- Work to be completed
Only the lines from the one with "Koenigsegg Agera RS1" to the end of the listing below should be set down, exactly as written and without any pictures.

Exercise inputs Block Start

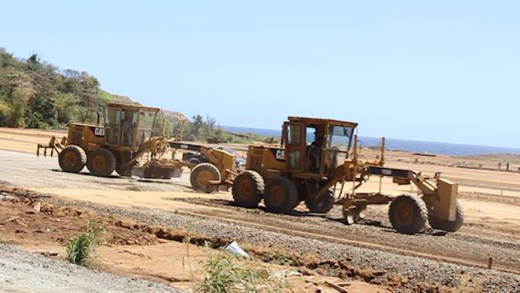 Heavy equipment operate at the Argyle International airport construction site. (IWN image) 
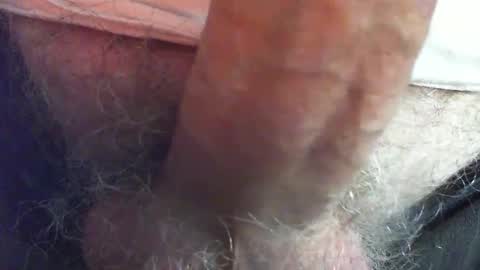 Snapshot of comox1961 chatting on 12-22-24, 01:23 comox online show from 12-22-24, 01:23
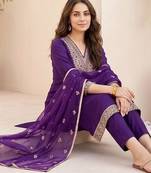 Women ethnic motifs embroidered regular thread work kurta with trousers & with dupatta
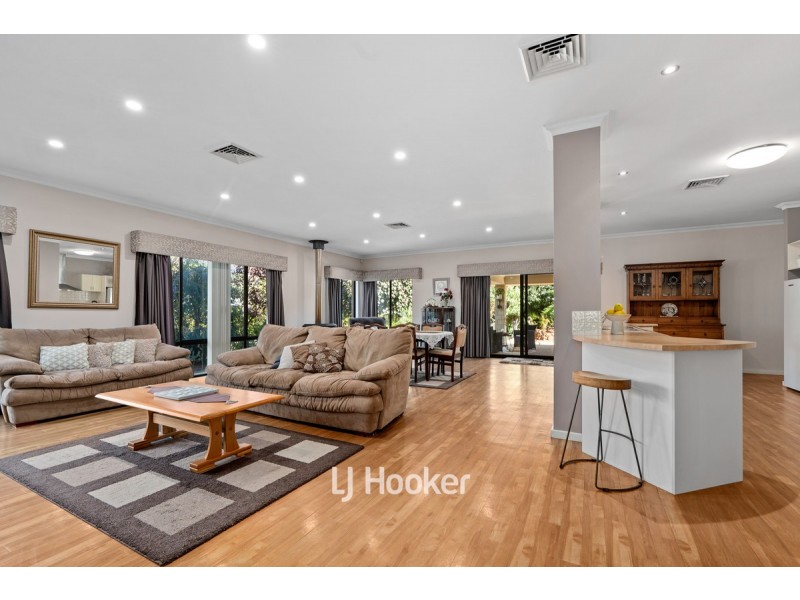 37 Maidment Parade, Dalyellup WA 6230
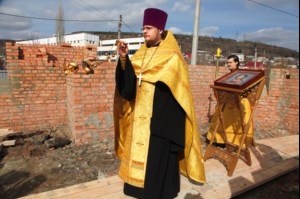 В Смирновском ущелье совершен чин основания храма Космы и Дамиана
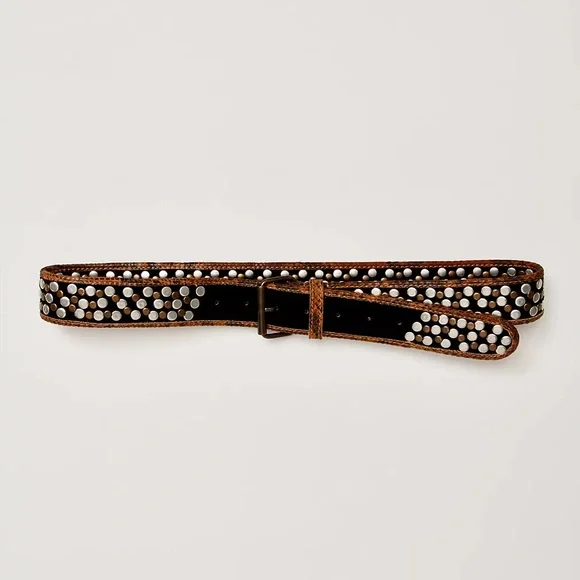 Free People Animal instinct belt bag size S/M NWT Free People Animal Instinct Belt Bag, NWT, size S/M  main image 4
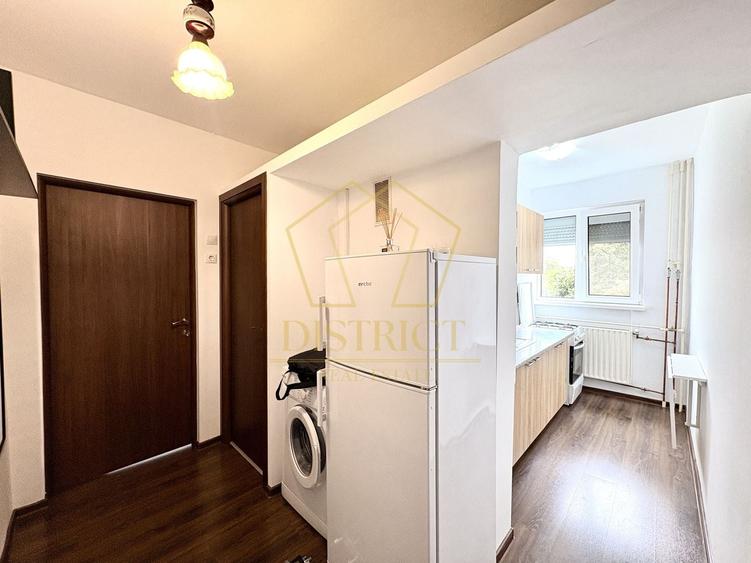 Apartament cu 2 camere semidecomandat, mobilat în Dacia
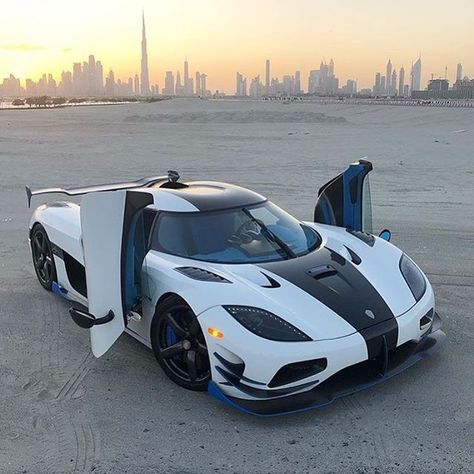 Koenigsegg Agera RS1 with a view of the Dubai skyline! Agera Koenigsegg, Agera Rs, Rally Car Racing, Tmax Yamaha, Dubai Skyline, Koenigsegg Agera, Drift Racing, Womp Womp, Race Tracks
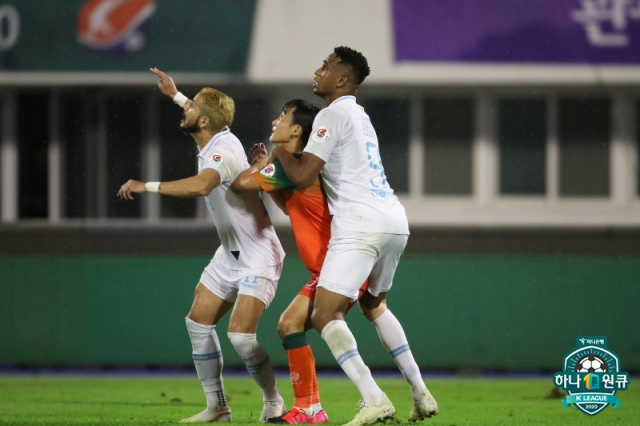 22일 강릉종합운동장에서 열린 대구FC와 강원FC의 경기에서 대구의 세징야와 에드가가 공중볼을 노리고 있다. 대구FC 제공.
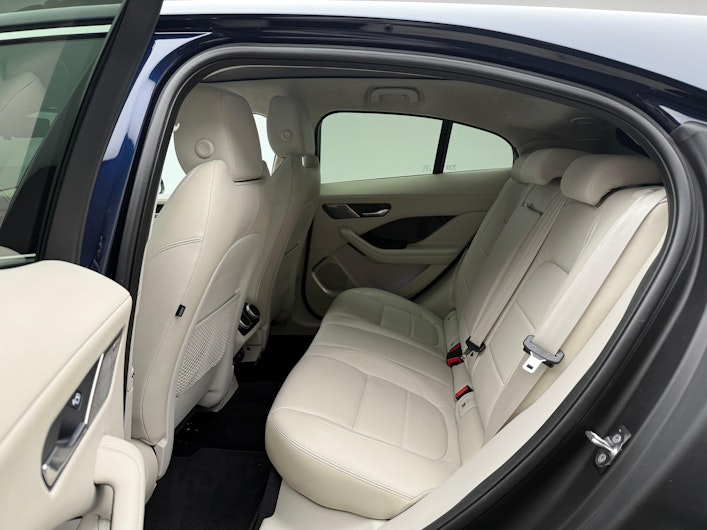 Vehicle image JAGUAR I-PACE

Exercise inputs Block End

- Final answer
 Koenigsegg Agera RS1 with a view of the Dubai skyline! Agera Koenigsegg, Agera Rs, Rally Car Racing, Tmax Yamaha, Dubai Skyline, Koenigsegg Agera, Drift Racing, Womp Womp, Race Tracks
 22일 강릉종합운동장에서 열린 대구FC와 강원FC의 경기에서 대구의 세징야와 에드가가 공중볼을 노리고 있다. 대구FC 제공.
 Vehicle image JAGUAR I-PACE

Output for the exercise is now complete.